N 31 A Trip to my Hometown Day 6 ( 9-9- 2012 )


We like to travel early. So when the van carrying Sydney’s family arrived from Kali we departed. On the outskirts of Kunhing we stopped to fill our car with gasoline and were frustrated to see that the pump does not work automatically but found it to be manual. It took about 30 minutes to have the tank filled and we can take off.
Let me relate a little about the electricity they are using in Kunhing. The electricity they are using  here  does not come from the hydropower station og Kyaing-taung, which is only 50 miles away,  but is supplied by a small hydro plant owned by a native of Kunhing called U Sai Nyo. The power supply is not adequate for the use of the town. Most houses use power only for lighting and for mortars to draw water from wells only . So big power consuming household appliances like washing machines and micro-oven cannot be used even if the townsfolk can buy them. The distribution of power is cut about 5 hours in the daytime and 5 hours during the night. During summer the power supply is even more limited. So this may be the cause that the petrol pump is only manual.
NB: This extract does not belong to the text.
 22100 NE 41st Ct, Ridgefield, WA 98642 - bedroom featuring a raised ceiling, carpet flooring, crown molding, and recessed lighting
Our journey back to Taunggyi was uneventful. The weather was fine. Only sometimes the rain fell but mostly it was sunny. As I have written , many years ago when I was living in Kunhing travelling along this road was an adventurous one . The people of Kunhing can still remember unhappy events that had taken place on this road.  This bend, a few miles from Laikam is the place where Saw Michael  a Karen police officer was shot dead by insurgents. It was at this place that an army squadron was ambushed and many fell.U STM would pointed out to us the places where robbers usually came out. And when we came to Tahsai bridge which is on the Nam Mong stream I remembered the incident when the car plunged into the stream  while trying to make a U turn. Nang On our niece and also our host in Kunhing and some other passengers were thrown into the water. Nang On had her throat  caught in a tangle of vine and she would be dead had someone not come to her rescue. I remembered her eyes were blood red when she arrived back in Kunhing. Some 3 or 4 people died in that accident.
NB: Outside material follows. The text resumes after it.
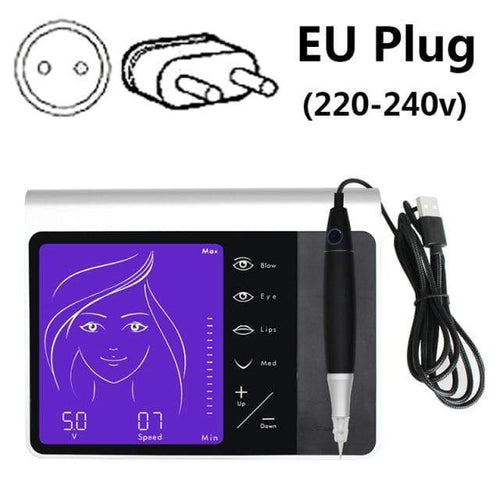 Planet Gates Silver with EU Plug Touch Screen Rechargeable Battery US/EU Plug Permanent Makeup Machine Kit Eyebrow Lip Eyeliner Machine With 2 Cartridge Neeldes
I had been relating unhappy episodes of the past. But there were also happy memories to be recalled even if we may not be the persons to experience them. I remembered  my mother telling me about their travelling on this road. It may be round about 1930 when my mother was about 15. My mother travelled to Taunggyi  with my grandmother in a single bullock cart with the cart driver as their only companion. As was the custom of those days she was wearing heavy jewelleries but there were no dangers of robbers or dacoits. It took them 2 weeks to arrive in Taunggyi. At nights the driver slept on the ground and they slept in the cart she had said.
And in “ Lords of the Sunset “ the author Morris Collis related about his travels in the Shan State. He arrived in Kunhing from Merng Nawng and stayed at my grandmother’s house which was on the east bank of the Nampang stream. The next day he said he reached Kengtung which was 140 miles away. I wonder if such thing is possible in  those days as I myself had travelled to Kengtung round about 1970 in a convoy and had seen how terrible the state of the road was. The road from Kunhing to Kengtung pass over hills and mountains and most parts are tricky and dangerous that many accidents happen on that road.

Well…. I have written much about the road, about the good and bad part of it . But whatsoever the state of the road is people who live in the respective places have to use them. But we cannot help grumbling and comparing it to better roads while travelling in a car. We would compare it to the Japanese bullet train which will take over a little than  an hour for this distance. and also to the Yangon Mandalay expressway where cars can be driven at over 100 KL an hour. I think I cannot expect to travel on such good roads during this life. But maybe in the next life if I were to be born again in this area.